It constant amazes me that on these kinds of websites, there is a distinct lack in what i would call 'elegance ' when someone pm's you.

 

I always say, unless you are 3/4 tanked/pissed/sloshed/3 sheets to the wind,  would you start a convo with a stranger the way you do here (or elsewhere)..

So

 

 

Nice tits wanna cum all over them

Hey babe suck my cock

Father/son wanna split you

Im into watersports

Hey c*nt/slut/bitch/wh*re

10 inch bbc here

 

Or any other such variation really are turn offs.

 

Think before you say.

Edited by Curvygirl1
Spelling mistake
Posted

In my experience those messages come from guys who aren't really into kinks but think that kinky girls are easy or slutty.
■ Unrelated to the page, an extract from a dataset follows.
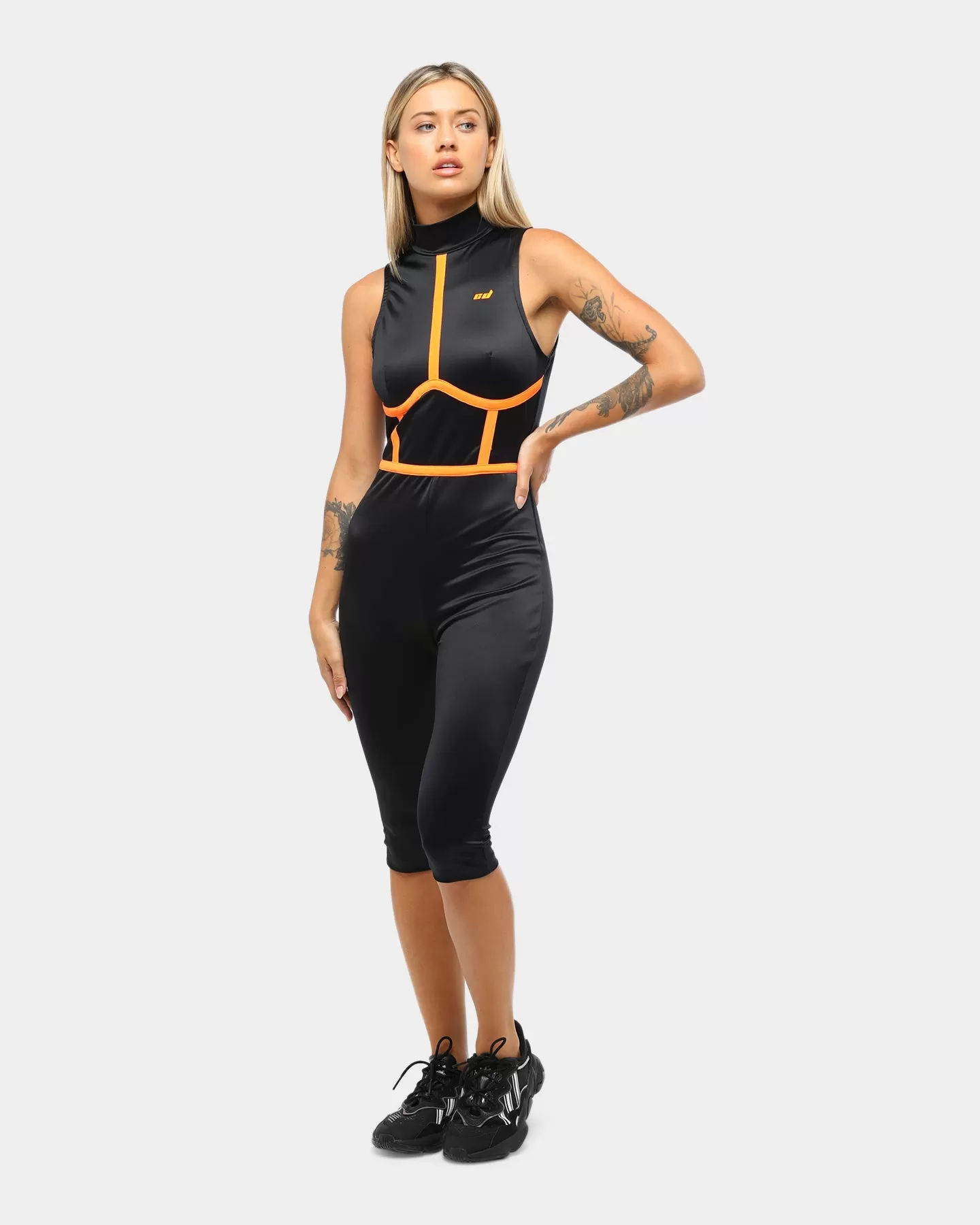 Criminal Damage Women's River Unitard Black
I immediately dismiss them as inexperienced or fuckboys no matter what their profiles say.

 

💯 a turn off and probably will block them with no reply.

Posted
Totally agree, this is written on my profile. Trouble is those that introduce themselves like this never read your profile 😂
Posted
Seriously? Is that a majority of messages, or experienced by a majority of women?
Posted
35 minutes ago, Cleris88 said:

Seriously? Is that a majority of messages, or experienced by a majority of women?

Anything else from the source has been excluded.